Home     |     .Net Programming    |     cSharp Home    |     Sql Server Home    |     Javascript / Client Side Development     |     Ajax Programming

Ruby on Rails Development     |     Perl Programming     |     C Programming Language     |     C++ Programming     |     IT Jobs

Python Programming Language     |     Laptop Suggestions?    |     TCL Scripting     |     Fortran Programming     |     Scheme Programming Language


 
 
Cervo Technologies
The Right Source to Outsource

MS Dynamics CRM 3.0

Perl Programming Language

perlre: why {n}?, {n,}?, {n,m}? ?


In perlre the descriptions given for each item in the following
pairs are identical:

  {n}   and {n}?     Match exactly n times
  {n,}  and {n,}?    Match at least n times
  {n,m} and {n,m}?   Match at least n but not more than m times

I.e. it seems that in all the cases above the ? serves no purpose
other than to add superfluous complexity to a regular expression.

I don't get it.  Is there a reason for this?  (The only one I can
come up is that it may simplify the automatic construction of
regexps, but this hardly seems worth the cost of the added line
noise.)

kj

--
NOTE: In my address everything before the first period is backwards;
and the last period, and everything after it, should be discarded.

>>>>> "k" == kj  <s@987jk.com.invalid> writes:

  k> In perlre the descriptions given for each item in the following
  k> pairs are identical:

the ? quantifier is non-greedy. it may have useful effects on some of these.

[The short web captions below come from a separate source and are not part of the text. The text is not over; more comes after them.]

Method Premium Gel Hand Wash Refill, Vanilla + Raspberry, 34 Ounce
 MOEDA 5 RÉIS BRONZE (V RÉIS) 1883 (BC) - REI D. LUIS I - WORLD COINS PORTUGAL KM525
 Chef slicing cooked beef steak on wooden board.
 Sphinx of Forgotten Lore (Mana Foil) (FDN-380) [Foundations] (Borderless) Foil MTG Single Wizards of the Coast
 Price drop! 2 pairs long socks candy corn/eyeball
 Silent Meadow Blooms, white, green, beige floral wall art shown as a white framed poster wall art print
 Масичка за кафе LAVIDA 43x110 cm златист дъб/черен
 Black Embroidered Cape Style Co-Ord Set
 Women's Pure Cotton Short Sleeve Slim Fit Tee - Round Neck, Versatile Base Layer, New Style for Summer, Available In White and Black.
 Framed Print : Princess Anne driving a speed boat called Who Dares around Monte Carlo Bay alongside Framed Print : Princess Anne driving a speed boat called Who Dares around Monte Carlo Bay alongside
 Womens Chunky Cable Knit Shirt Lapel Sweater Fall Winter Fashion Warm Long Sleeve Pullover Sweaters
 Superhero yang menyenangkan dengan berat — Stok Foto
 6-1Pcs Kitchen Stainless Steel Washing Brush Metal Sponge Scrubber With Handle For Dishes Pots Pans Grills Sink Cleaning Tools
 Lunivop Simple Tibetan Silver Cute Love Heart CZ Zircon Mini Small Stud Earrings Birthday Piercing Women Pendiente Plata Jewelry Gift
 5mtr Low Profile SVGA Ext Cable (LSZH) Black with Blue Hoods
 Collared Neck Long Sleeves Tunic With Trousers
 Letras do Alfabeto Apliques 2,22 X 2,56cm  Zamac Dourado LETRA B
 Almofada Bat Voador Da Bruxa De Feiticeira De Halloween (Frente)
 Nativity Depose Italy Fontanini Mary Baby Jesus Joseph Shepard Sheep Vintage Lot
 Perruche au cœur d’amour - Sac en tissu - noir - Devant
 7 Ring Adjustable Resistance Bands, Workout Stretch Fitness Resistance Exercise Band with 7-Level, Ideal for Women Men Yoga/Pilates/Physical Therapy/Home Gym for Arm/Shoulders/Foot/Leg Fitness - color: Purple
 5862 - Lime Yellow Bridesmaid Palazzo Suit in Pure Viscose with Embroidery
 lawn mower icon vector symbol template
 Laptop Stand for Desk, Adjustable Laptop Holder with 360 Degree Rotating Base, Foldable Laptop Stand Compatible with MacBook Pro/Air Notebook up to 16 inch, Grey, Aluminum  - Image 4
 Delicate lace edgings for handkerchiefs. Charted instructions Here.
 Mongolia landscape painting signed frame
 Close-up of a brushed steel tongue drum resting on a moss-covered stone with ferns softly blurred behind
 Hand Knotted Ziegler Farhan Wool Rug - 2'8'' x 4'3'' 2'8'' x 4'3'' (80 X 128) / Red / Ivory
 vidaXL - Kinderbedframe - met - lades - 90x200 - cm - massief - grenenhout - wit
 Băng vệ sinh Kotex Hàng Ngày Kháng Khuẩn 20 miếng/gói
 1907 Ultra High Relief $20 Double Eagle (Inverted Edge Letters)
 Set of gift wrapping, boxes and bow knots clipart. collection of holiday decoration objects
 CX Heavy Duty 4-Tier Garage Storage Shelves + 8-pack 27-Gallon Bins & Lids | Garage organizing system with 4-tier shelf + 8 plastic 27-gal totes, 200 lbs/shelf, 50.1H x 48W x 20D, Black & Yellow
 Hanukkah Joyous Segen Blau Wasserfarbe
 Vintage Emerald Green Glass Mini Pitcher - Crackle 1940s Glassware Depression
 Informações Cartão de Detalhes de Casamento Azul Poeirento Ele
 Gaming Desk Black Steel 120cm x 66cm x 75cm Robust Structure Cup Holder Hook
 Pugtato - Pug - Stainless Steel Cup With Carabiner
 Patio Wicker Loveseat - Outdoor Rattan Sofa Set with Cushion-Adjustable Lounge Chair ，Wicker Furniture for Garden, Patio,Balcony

  k>   {n}   and {n}?     Match exactly n times

don't see how ? can change this match. probably there for syntactic consistancy

  k>   {n,}  and {n,}?    Match at least n times
  k>   {n,m} and {n,m}?   Match at least n but not more than m times

non-greedy makes sense with those two. with ? perl will try to match n times
and succeed and not go further. backtracking later one can still cause
more matching to occur up to the limit (none or m).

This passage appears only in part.